WHAT TO PRODUCE:
Begin your copy at the line holding "Tommy Hilfiger Signature" and end it at the last line of the listing. Keep every line exact and leave out the pictures.

EXERCISE DATA:
▽

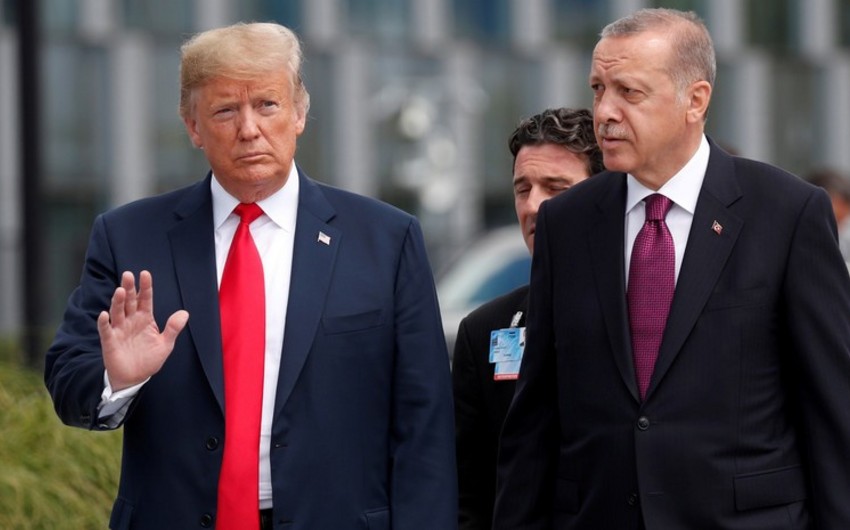 Эрдоган может посетить Вашингтон для встречи с Трампом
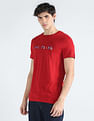 Tommy Hilfiger Signature Hilfiger Slim T-Shirt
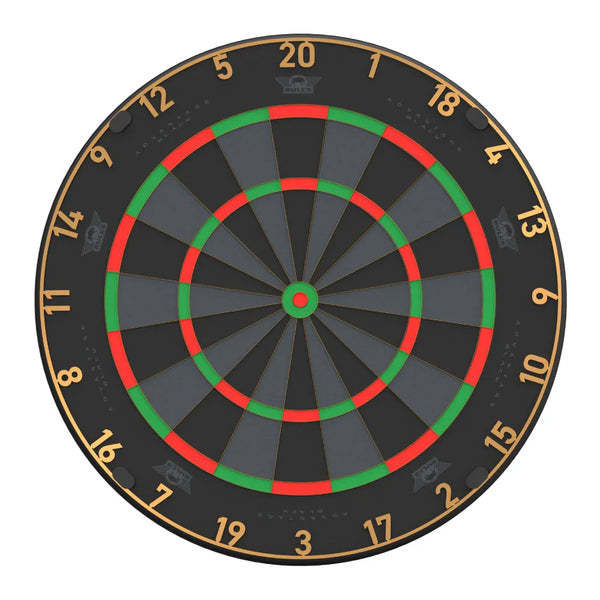 Bull's NL Advantage Black Professional Dartboard-1-Premier Darts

△

PROBLEM SOLUTION:
 Tommy Hilfiger Signature Hilfiger Slim T-Shirt
 Bull's NL Advantage Black Professional Dartboard-1-Premier Darts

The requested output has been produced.